▸ TASK OBJECTIVE:
The response should repeat word for word every line below from the one with "10x25mm Rectangle Art" to the one with "Inhaltsverzeichnis Auto Bild 19/1989", inclusive, and nothing else; leave pictures out.

▸ DATA TO PROCESS:
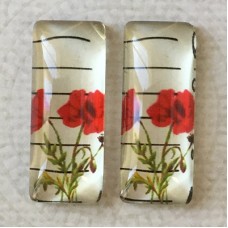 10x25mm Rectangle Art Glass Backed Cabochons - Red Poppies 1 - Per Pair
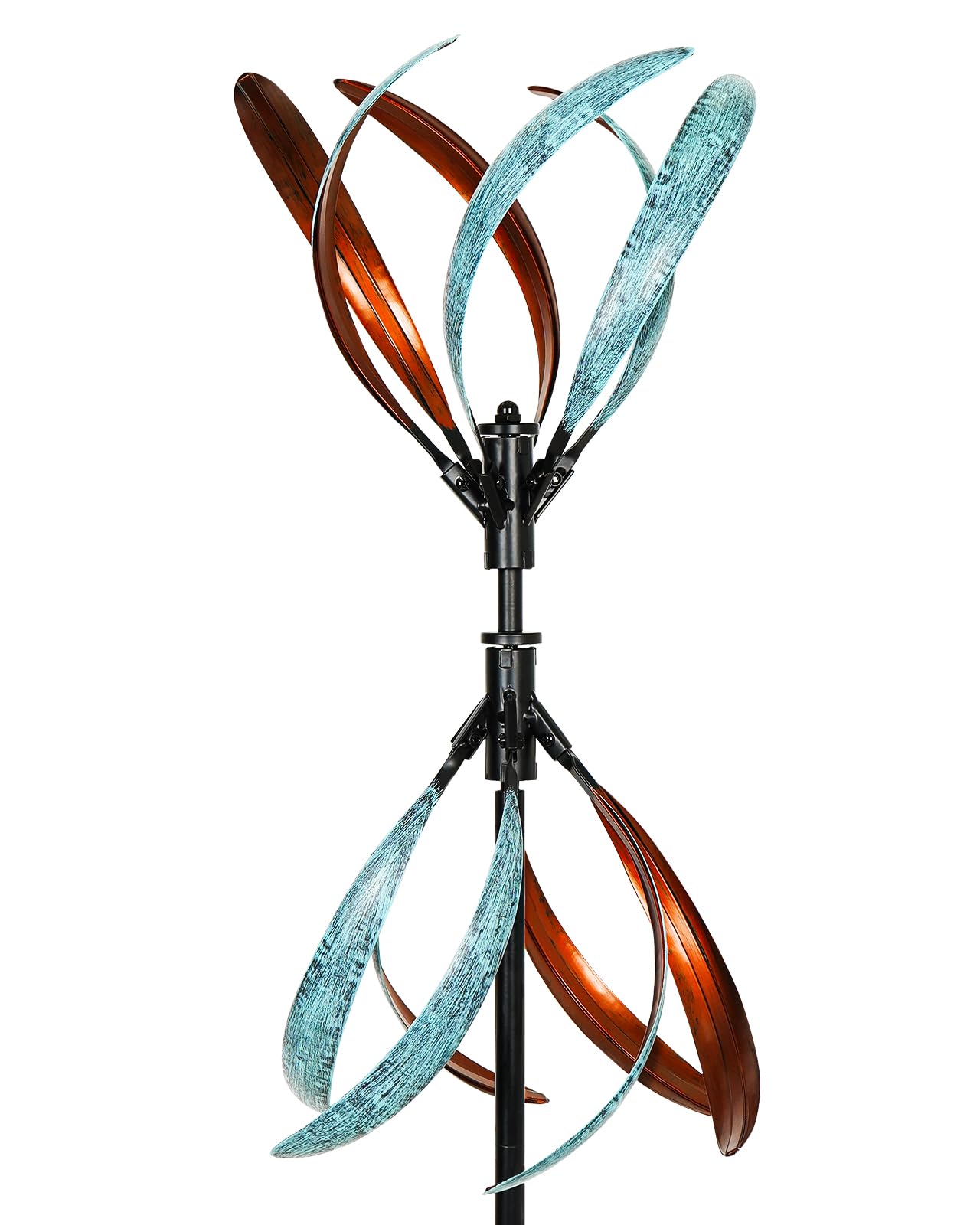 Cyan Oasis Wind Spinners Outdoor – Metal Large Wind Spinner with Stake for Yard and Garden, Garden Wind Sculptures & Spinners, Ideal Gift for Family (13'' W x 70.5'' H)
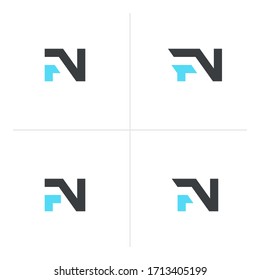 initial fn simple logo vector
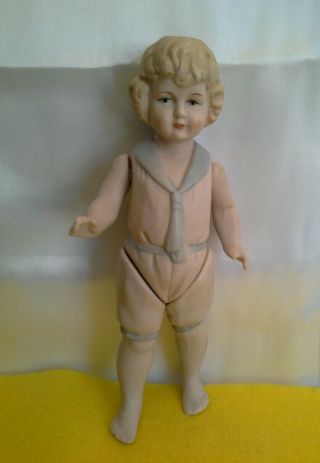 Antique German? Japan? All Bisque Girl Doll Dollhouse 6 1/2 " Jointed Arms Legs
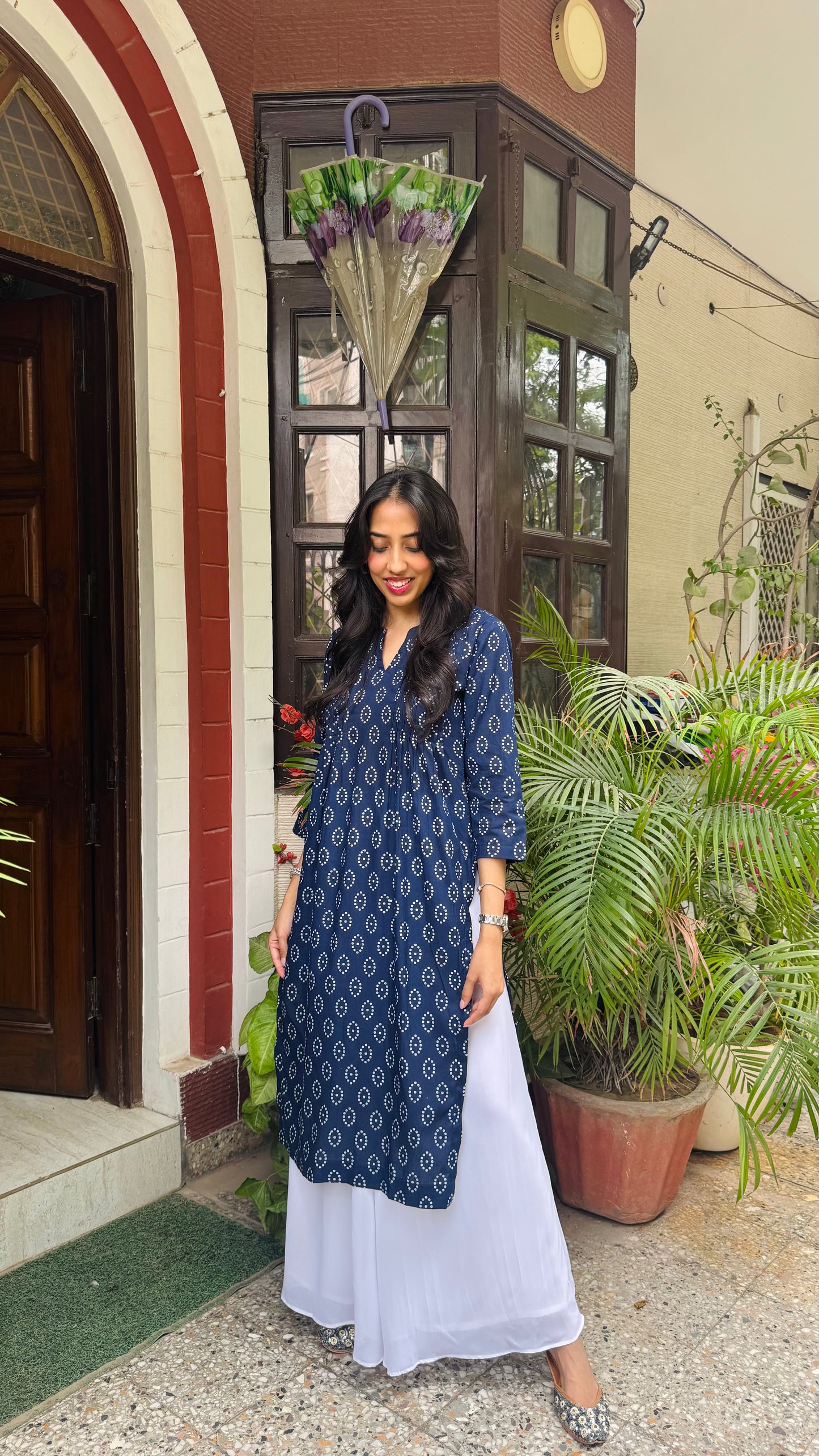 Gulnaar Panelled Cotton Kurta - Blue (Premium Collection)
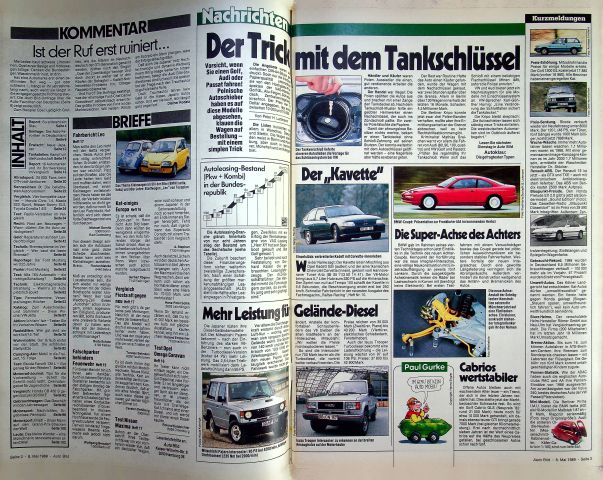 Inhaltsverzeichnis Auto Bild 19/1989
...
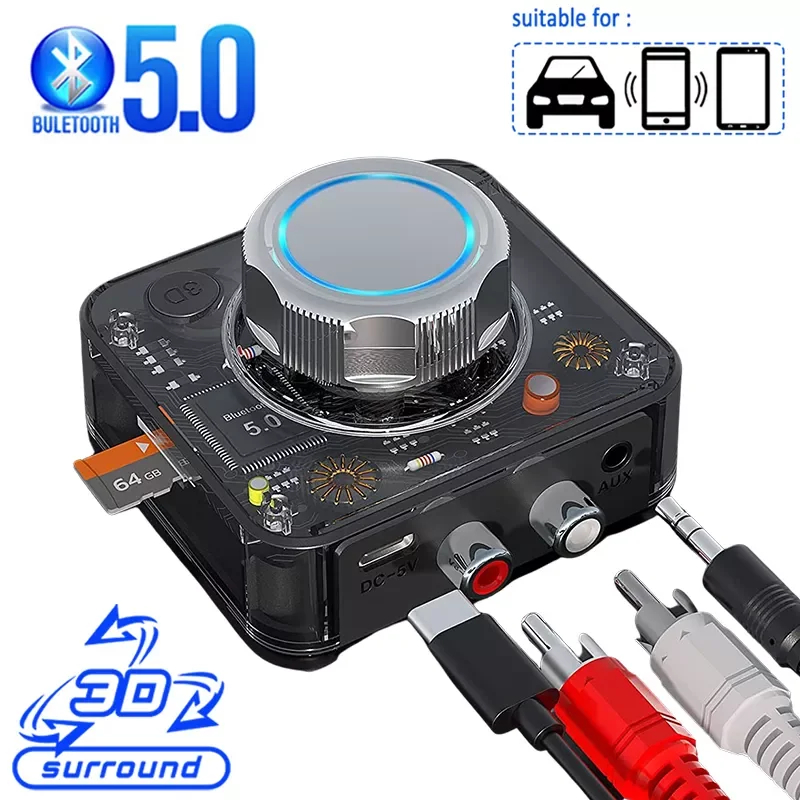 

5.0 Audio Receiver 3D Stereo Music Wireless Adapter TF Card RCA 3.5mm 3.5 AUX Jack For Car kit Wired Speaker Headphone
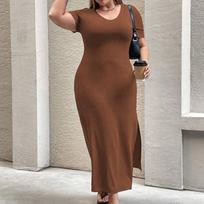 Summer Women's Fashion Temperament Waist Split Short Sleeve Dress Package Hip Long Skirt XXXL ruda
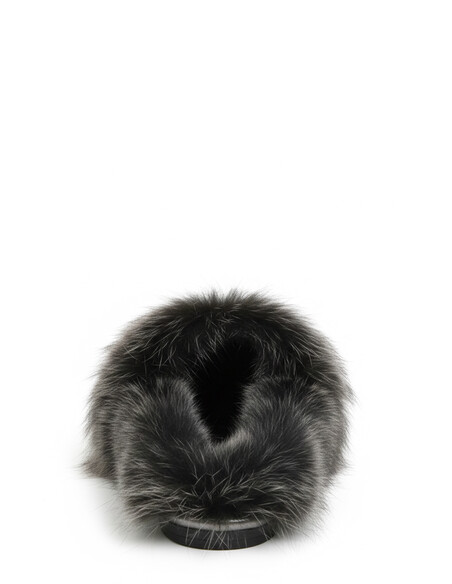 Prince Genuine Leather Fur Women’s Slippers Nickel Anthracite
---
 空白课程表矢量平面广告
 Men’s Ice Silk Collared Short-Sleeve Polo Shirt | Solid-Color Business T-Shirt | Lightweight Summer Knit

▸ REPLY TO THE TASK:
 10x25mm Rectangle Art Glass Backed Cabochons - Red Poppies 1 - Per Pair
 Cyan Oasis Wind Spinners Outdoor – Metal Large Wind Spinner with Stake for Yard and Garden, Garden Wind Sculptures & Spinners, Ideal Gift for Family (13'' W x 70.5'' H)
 initial fn simple logo vector
 Antique German? Japan? All Bisque Girl Doll Dollhouse 6 1/2 " Jointed Arms Legs
 Gulnaar Panelled Cotton Kurta - Blue (Premium Collection)
 Inhaltsverzeichnis Auto Bild 19/1989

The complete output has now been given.